**DESCRIPTION OF THE TASK**
An exact transcript is needed of the material below, beginning at the line that contains "Heren Dames Snowboots" and continuing through its last line; nothing else should appear.

::::::::

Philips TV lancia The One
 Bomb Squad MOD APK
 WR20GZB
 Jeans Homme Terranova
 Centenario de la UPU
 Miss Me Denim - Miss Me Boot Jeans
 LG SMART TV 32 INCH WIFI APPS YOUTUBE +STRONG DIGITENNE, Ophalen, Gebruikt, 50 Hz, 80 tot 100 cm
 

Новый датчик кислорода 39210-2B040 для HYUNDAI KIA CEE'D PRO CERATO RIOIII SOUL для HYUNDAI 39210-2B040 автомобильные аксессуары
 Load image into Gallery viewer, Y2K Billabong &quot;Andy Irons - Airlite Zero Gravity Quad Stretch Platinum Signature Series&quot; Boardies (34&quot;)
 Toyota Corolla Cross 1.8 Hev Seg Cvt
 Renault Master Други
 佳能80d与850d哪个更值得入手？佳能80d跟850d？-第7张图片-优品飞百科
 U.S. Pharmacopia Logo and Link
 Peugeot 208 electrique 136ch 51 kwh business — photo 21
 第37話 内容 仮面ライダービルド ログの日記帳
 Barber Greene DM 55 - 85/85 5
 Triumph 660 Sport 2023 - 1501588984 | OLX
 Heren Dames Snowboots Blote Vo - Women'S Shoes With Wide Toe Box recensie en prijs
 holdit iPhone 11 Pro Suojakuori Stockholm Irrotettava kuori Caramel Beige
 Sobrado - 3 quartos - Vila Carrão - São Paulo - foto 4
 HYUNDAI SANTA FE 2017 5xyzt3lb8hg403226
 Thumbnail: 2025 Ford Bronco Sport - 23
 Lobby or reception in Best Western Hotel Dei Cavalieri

::::::::

**ANSWER SECTION**
 Heren Dames Snowboots Blote Vo - Women'S Shoes With Wide Toe Box recensie en prijs
 holdit iPhone 11 Pro Suojakuori Stockholm Irrotettava kuori Caramel Beige
 Sobrado - 3 quartos - Vila Carrão - São Paulo - foto 4
 HYUNDAI SANTA FE 2017 5xyzt3lb8hg403226
 Thumbnail: 2025 Ford Bronco Sport - 23
 Lobby or reception in Best Western Hotel Dei Cavalieri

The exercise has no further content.